Why Mediate?


Mediation offers many advantages over litigation for most people who are divorcing or separating.


Mediated divorces typically:
~ result in better adherence to agreements, since parties make mutually agreeable decisions
~ cost less
~ cause less emotional strain
~ promote healthier co-parenting and communication
~ preserve privacy & confidentiality
~ take less time


What’s the difference between mediation and litigation?

Mediation is a collaborative process where parties work together (even when they have initially conflicting ideas) to reach mutually acceptable decisions. The goal in mediation is for everyone to walk away with a plan they can live with — not to have “winners” and “losers” — and then to have that agreement simply approved by the court if necessary. In litigation, parties to a dispute each hire their own advocate attorneys, evidence is gathered and presented, arguments for what is “best” or “right” are made by each side, and ultimately a judge — not the parties — decides what will happen.

who makes decisions about my children in mediation?

You do. With the help of a mediator, you and your co-parent communicate about what you hope for your children in the future, and work toward a plan for your children’s well-being to which both of you can agree. In this way, you retain more control of the decisions about your family’s future, rather than having a judge who does not know your family or specific personal circumstances very well make legally binding decisions on your behalf.
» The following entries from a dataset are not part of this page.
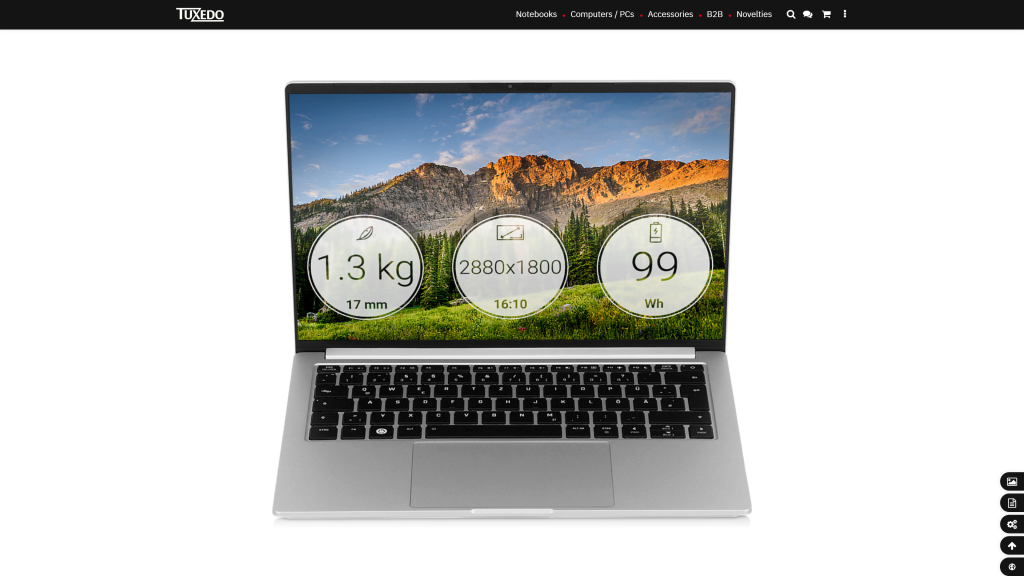 screenshot image of Tuxedo InfinityBook Pro 14 homepage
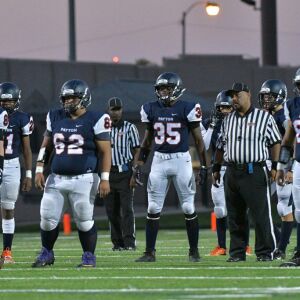 Payton’s defensive line stands ready Zach Anderson (87), Anthony Salgado (62), Cortez Savage (35) and Jorge Flories. Worsom Robinson/For the Sun-Times.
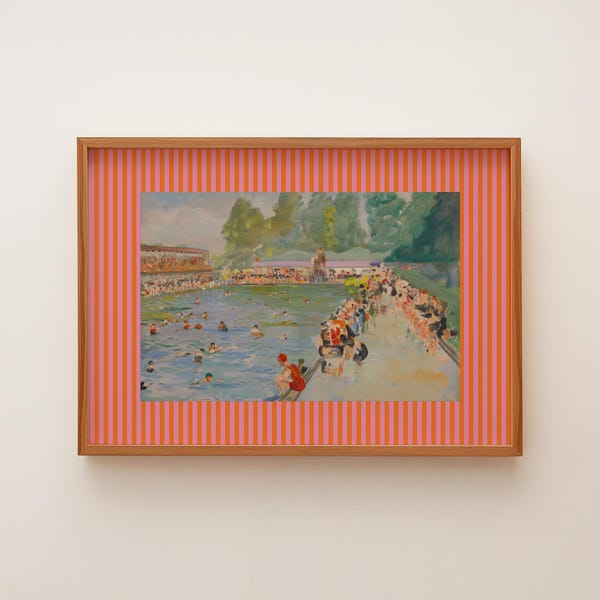 Lido Swimmers Painting Art Print, Colourful Vintage Wall Art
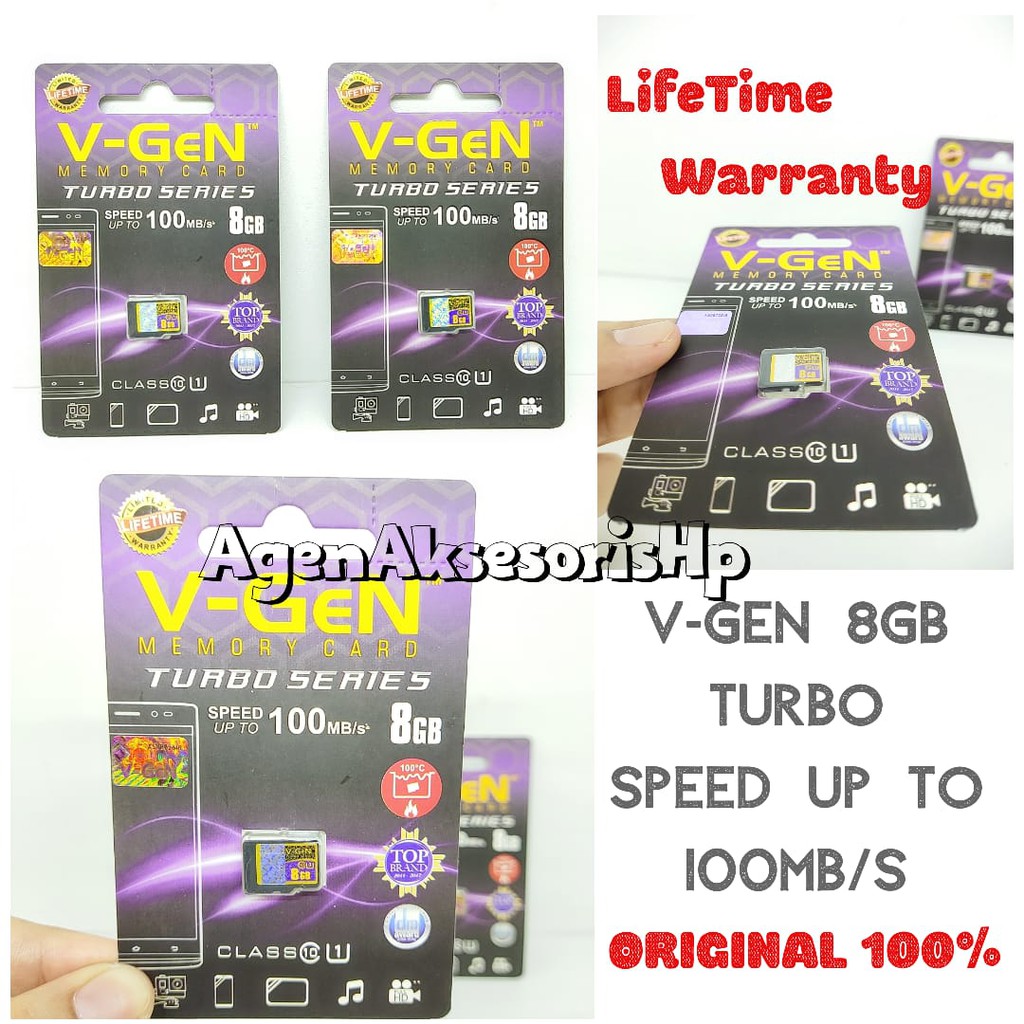 Jual Memory Card V-Gen 8GB Class 10 100MBpS Memory Hp VGen TF Micro ...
i am not even sure of what issues we need to discuss in a divorce. can you tell us?

Absolutely. One of the mediator’s key jobs is to help you identify and list issues that need to be decided. A well-prepared mediated divorce or separation agreement will cover all the decisions that are necessary. It can also include any additional matters that you feel are essential for you to make firm decisions about, as long as agreement can be reached between you and the other party. Your final written agreement should be realistic, comprehensive, and should cover you for the foreseeable future, recognizing that circumstances do sometimes change and that not everything can be predicted in advance.

will we have to go to court for our divorce if we mediate? will our mediator also be in court?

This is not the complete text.